| The Berean Expositor
Volume 27 - Page 157 of 212 Index | Zoom | |
"What manner of persons ought ye to be."
#22. Symbols of Service.
Teachers and Teaching.
pp. 29 - 31
Among the gifts given by the ascended Lord to His church in Eph. 4:, we find
"pastors and teachers" mentioned (Eph. 4: 11), and the apostle Paul on two occasions
couples the office of "teacher" with that of "preacher" and "apostle" (I Tim. 2: 7;
II Tim. 1: 11). Even in O.T. times the teacher had his place. We are apt to think that the
Levitical priesthood was wholly taken up with offerings and ceremonials. These
certainly occupied a great amount of time, but the value of these offerings and
ceremonials lay in their typical teaching, for the blood of bulls and goats could never in
itself take away sin. Consequently we find that the Levite was a teacher as well as a
priest or server of the tabernacle.
"He said unto the Levites that taught all Israel . . . . . Put the holy ark in the house"
(II Chron. 35: 3).
"And of Levi he said, Let Thy Thummim and Thy Urim be with Thy holy one . . . . .
They shall teach Jacob Thy judgments, and Israel Thy law: they shall put incense before
Thee, and whole burnt sacrifice upon Thine altar" (Deut. 33: 8-10).

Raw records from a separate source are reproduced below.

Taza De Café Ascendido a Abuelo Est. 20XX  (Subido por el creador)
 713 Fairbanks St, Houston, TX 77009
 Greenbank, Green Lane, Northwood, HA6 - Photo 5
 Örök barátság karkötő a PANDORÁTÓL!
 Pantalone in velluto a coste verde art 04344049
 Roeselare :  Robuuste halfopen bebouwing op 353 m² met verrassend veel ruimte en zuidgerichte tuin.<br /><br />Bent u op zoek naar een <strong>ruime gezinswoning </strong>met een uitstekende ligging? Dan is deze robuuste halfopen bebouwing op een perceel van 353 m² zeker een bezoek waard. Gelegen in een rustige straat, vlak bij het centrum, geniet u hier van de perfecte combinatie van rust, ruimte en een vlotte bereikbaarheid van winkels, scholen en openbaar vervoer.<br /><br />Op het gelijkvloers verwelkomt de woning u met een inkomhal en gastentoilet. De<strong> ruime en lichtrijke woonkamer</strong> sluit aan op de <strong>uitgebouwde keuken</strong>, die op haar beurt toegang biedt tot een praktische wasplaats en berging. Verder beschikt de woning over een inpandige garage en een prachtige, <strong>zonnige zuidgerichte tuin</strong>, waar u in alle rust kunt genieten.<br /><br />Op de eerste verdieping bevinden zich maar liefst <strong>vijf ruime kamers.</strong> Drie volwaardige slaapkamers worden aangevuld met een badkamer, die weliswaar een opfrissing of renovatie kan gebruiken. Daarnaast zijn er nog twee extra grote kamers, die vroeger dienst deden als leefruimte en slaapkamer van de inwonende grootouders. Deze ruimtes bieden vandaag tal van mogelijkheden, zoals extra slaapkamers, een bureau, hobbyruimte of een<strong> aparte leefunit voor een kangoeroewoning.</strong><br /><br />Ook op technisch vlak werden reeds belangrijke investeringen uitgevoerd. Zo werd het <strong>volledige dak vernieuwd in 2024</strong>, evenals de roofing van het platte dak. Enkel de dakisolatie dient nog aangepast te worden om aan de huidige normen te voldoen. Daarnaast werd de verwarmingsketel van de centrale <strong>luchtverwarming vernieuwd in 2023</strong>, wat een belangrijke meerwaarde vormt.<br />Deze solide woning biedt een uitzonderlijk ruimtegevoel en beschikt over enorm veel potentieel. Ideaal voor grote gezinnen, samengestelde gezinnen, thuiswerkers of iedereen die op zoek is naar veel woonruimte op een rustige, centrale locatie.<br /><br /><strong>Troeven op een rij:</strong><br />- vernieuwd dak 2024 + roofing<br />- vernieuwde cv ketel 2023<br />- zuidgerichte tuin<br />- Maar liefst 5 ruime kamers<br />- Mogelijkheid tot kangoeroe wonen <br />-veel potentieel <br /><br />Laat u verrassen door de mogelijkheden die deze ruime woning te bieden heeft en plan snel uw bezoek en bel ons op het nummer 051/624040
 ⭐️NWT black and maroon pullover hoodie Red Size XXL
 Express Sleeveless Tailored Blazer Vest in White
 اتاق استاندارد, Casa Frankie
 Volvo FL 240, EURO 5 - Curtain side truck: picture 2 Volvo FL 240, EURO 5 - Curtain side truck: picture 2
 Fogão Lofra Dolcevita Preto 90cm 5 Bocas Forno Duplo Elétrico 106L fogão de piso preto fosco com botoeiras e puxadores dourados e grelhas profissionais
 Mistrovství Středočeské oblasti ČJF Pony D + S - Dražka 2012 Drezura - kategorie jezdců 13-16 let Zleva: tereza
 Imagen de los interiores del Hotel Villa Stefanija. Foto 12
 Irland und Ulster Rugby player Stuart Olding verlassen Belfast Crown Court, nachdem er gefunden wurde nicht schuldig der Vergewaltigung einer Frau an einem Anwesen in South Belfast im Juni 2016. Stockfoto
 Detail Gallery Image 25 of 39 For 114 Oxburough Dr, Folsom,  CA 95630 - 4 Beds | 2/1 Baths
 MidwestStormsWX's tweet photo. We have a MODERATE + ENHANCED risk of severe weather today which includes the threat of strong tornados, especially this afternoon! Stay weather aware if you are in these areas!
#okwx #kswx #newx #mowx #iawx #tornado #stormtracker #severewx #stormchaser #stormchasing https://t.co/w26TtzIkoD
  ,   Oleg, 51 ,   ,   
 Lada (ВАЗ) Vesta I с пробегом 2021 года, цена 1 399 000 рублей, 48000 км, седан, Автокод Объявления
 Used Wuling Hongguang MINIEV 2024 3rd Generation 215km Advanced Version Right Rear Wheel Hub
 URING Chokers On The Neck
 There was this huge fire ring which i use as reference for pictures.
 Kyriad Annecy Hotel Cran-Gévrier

The close association of ceremonial and teaching is evident; the holy ark, the incense,
the burnt sacrifice, and teaching are all spoken of in the same context. The words of
II Chron. 15: 3 are significant in this connection:
"Now for a long season Israel hath been without the true God, and without a teaching
priest, and without the law."
It is possible to have a life full of ceremonial, offerings, incense, washings and fasts,
and yet to be without "the true God". Only as these ceremonials and offerings are
explained and their meaning appreciated will God be really known.
Apt to teach.
The passage in Eph. 4: 11 does not indicate that a teacher to-day is endowed with
any supernatural gift, such, for instance, as the gift of prophecy or the gift of tongues.
Nevertheless the teacher himself was a gift to the church and as such must have
possessed some fitness for his work. When the apostle instructs Timothy in the difficult
task before him, he writes:
"The things that thou hast heard of me among many witnesses, the same commit thou
to faithful men, who shall be able to teach others also" (II Tim. 2: 2).
"The servant of the Lord must not strive: but be gentle unto all men, apt to teach"
(II Tim. 2: 24).
"A bishop then must be blameless . . . . . apt to teach" (I Tim. 3: 2).